Solved – Comparison of multiple regression models

model selectionmultiple regressionregression

I have one dependent variable and many predictors, and I need to use a multiple regression model (linear).
Now, I performed a stepwise regression to determine which independent variables to include in the final model.
However, I see that when results are published, people usually show more than one model. For instance, they include just the first variable and then the first and the second, then the first, the second and the third, and so on. Showing that the adjusted coefficient of determination, $R^2$, improves.
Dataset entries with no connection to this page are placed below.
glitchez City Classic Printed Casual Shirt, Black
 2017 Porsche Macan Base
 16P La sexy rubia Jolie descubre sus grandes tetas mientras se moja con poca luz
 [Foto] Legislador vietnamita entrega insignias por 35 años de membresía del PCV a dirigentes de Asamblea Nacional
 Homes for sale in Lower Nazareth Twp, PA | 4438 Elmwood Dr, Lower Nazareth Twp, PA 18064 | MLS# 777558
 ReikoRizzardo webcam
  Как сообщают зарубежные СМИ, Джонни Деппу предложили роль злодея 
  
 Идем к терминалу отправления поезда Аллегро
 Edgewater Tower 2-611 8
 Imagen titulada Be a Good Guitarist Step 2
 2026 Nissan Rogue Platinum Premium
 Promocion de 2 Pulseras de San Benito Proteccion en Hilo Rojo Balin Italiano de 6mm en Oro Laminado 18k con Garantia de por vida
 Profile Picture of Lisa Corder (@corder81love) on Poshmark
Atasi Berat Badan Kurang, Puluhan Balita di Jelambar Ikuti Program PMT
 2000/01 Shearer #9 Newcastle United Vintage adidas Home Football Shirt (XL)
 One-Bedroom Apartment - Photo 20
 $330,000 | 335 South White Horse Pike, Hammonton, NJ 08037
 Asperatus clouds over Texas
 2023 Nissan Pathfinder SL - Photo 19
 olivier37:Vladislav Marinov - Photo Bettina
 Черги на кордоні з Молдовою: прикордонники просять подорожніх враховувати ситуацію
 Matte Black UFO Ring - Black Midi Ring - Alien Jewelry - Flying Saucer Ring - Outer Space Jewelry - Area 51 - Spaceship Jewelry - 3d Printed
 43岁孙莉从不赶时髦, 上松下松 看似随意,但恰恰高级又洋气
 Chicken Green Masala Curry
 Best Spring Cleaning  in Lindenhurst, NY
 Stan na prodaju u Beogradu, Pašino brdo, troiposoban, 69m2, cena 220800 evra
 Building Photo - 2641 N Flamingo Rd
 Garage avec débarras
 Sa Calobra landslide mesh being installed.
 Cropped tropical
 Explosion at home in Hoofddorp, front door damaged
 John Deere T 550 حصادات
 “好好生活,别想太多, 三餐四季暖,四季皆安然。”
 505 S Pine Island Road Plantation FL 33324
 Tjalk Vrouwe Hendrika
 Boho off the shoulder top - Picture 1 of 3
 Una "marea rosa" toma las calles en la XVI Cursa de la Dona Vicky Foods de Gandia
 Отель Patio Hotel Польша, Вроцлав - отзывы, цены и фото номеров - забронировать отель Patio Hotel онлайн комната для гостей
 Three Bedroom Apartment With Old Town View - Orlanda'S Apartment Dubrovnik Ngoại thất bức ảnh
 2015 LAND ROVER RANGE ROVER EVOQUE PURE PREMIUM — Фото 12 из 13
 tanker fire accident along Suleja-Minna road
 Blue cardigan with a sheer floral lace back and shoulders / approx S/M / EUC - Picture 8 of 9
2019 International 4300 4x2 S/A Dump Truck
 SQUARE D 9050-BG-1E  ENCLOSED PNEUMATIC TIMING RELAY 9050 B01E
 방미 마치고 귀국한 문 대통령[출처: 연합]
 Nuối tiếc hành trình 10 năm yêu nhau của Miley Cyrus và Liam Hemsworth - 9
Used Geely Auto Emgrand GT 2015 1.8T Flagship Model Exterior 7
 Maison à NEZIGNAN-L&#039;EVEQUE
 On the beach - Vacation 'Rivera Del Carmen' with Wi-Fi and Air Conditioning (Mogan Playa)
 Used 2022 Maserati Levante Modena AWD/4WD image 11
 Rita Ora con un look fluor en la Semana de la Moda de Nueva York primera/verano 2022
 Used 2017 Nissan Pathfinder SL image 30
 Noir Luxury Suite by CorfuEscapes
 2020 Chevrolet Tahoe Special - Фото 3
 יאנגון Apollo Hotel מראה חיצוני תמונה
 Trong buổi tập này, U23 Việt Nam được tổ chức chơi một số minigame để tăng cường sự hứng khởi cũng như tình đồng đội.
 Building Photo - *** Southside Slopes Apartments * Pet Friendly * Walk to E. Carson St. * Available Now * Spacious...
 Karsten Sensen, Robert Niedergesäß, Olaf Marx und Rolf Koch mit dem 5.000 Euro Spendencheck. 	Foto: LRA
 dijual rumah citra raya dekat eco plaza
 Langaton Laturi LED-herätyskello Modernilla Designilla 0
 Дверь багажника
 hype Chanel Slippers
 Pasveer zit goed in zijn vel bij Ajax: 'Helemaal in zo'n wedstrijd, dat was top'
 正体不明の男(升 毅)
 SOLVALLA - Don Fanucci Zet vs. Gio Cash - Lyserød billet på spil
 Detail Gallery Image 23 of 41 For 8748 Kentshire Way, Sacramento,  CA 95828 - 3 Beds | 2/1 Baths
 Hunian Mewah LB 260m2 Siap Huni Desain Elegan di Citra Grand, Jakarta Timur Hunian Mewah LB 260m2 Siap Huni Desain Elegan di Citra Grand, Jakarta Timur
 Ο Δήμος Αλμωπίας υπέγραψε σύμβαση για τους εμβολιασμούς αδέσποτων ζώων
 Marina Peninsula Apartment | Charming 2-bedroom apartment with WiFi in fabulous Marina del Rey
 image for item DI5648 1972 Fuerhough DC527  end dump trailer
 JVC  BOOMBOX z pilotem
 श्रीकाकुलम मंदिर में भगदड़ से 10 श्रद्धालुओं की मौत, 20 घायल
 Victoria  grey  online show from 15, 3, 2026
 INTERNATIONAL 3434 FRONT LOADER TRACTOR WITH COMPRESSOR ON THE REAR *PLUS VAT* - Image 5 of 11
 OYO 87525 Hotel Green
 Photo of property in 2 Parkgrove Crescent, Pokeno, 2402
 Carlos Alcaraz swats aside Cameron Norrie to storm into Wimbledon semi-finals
Do I always have to do that, in order to show that each variable has a contribution (of course if coefficients are significant)?
Is there any reference to a formal procedure that better explains this?

Best Answer

If you've used a stepwise method (& see Algorithms for automatic model selection for the drawbacks), you can show the current model at each step (more usual for exposition of the method than because of any perceived intrinsic interest of each intermediate model, I'd have thought). Otherwise there's no point: as @charles says, it's common to compare models suggested by competing theories, or that differ in the expense of using them for prediction, or (in general) for reasons that depend on what the models say about the things they model.

It may be tempting to view the change in the coefficient of determination as you add each predictor as a measure of its importance for or contribution to the model's predictive power; but if the predictors are correlated, as they typically will be for observational data, this can be quite misleading—you get different answers by changing the order in which you add predictors. Jeromy Anglim's blog discusses the issues, & suggests better measures.